Over the last few years, it would be fair to say that the oil and gas industry has endured turbulent times. After a prolonged period of expansion – rig growth, production increases and price highs – the bubble burst. The 2008 collapse in oil prices caused chaos for companies committed to huge capital-expenditure projects based on healthy long-term forecasts.
Within months, oil companies were scaling back. Project developments were postponed, operations were halted, and workers were laid off. As the price per barrel continued to fall, with no sign of a rebound, some companies went to the wall.
Since then, global oil prices have remained in a constant state of flux. A bounce followed by a fall. Everyone in the industry has been forced to operate on shifting sands.
For the companies that survived, it became a case of adapt or die. The industry needed to strategise, to figure out how to cut costs while boosting production efficiency. It had to decide how it could maximise profits while the price of oil plummeted to historic lows.
It meant that oil and gas producers were faced with a paradox: new technologies could benefit operations by optimising efficiency, but the low price of oil created a risk-averse environment which restricted investment.
Today, as technology continues to revive, rejuvenate and reshape legacy industries, oil and gas operators have once again started to invest in the future. With prices somewhat stable around the $60 per barrel mark, experts and analysts believe the industry is in the throes of a technological revolution.

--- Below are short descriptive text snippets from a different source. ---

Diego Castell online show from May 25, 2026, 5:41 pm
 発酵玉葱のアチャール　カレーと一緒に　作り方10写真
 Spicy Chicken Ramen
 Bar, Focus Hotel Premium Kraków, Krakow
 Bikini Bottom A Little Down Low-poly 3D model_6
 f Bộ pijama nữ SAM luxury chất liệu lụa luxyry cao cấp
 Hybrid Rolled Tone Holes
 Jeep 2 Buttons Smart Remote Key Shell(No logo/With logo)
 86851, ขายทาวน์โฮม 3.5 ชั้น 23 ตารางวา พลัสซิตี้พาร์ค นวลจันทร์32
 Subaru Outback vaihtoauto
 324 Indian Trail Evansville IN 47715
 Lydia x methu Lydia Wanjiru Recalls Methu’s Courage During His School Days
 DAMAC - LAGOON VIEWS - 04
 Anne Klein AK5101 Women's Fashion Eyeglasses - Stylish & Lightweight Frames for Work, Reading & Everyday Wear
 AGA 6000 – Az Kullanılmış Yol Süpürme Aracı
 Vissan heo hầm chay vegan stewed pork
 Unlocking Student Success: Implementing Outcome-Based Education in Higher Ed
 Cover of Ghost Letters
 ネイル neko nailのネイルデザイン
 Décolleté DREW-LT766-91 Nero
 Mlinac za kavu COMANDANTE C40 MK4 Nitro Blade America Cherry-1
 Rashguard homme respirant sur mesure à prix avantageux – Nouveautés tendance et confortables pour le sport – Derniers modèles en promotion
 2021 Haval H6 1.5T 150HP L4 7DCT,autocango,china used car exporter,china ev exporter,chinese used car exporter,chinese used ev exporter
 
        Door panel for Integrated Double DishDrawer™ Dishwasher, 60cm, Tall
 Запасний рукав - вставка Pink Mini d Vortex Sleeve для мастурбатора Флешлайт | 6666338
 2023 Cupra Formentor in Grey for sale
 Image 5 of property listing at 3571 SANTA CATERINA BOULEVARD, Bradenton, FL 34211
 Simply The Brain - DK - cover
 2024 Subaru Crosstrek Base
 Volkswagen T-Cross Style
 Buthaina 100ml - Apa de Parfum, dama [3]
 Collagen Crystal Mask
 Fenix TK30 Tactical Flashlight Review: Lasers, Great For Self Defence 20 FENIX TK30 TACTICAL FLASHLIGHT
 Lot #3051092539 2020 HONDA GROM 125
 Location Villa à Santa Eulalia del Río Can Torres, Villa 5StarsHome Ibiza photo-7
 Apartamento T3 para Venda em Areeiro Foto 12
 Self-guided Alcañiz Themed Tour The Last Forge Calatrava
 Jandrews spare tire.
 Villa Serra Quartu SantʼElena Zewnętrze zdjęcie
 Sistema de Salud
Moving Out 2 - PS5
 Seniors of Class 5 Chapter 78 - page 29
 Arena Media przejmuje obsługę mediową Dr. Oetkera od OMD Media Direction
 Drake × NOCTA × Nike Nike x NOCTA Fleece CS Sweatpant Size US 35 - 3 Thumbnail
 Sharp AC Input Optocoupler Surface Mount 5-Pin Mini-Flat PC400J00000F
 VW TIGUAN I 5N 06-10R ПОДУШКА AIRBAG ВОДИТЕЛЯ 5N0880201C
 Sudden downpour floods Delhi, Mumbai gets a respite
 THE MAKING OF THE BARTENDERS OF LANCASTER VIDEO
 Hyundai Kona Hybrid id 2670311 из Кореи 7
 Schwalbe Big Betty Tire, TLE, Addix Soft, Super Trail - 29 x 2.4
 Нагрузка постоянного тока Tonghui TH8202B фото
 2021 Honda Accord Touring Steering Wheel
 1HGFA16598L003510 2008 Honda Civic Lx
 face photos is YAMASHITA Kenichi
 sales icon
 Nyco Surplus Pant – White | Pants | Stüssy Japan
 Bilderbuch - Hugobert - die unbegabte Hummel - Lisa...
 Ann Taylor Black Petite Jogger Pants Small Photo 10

The Internet of Things (IoT) is changing the oil and gas industry, as operators adopt everything from industrial computing applications to communication networks and cloud services. While it may still be slow in comparison to other industries, it’s now witnessing a rapid digital transformation.
The general consensus among analysts is that producers are unlikely to ever see a return to pre-2008 prices. So, to survive in the era of cheap oil, companies will need to invest more and more in technologies such as artificial intelligence (AI), distributed acoustic sensing (DAS) and automation.
It’s imperative that the industry capitalise on the business and production intelligence that such technologies offer. Oil and gas companies are no stranger to big data, pioneering it’s use in the 1980s and the 1990s. But to stay on top of production – and to gain a greater insight into the status of their assets – companies should be combining technologies such as AI, DAS and cloud computing to deliver efficiencies throughout their operations.
The truth is that the oil and gas industry is well suited to digital transformation. For many producers – especially the “Big Oil” supermajors – the data derived from digital technologies can provide unprecedented information into extended supply chains that span multiple territories, countries and continents. The access to such insights can inform strategic decision-making and support global business strategies – highlighting new opportunities for production growth and capital investment.
This is a welcome boost for an industry wary of fluctuating market prices and its impact on profit margins. The faster oil and gas producers integrate digital technologies into their operations, the further they can reduce costs, enhance performance efficiencies and boost production. For an industry that suffered a severe downturn in 2008, the coming of a second digital age could finally spark an upturn.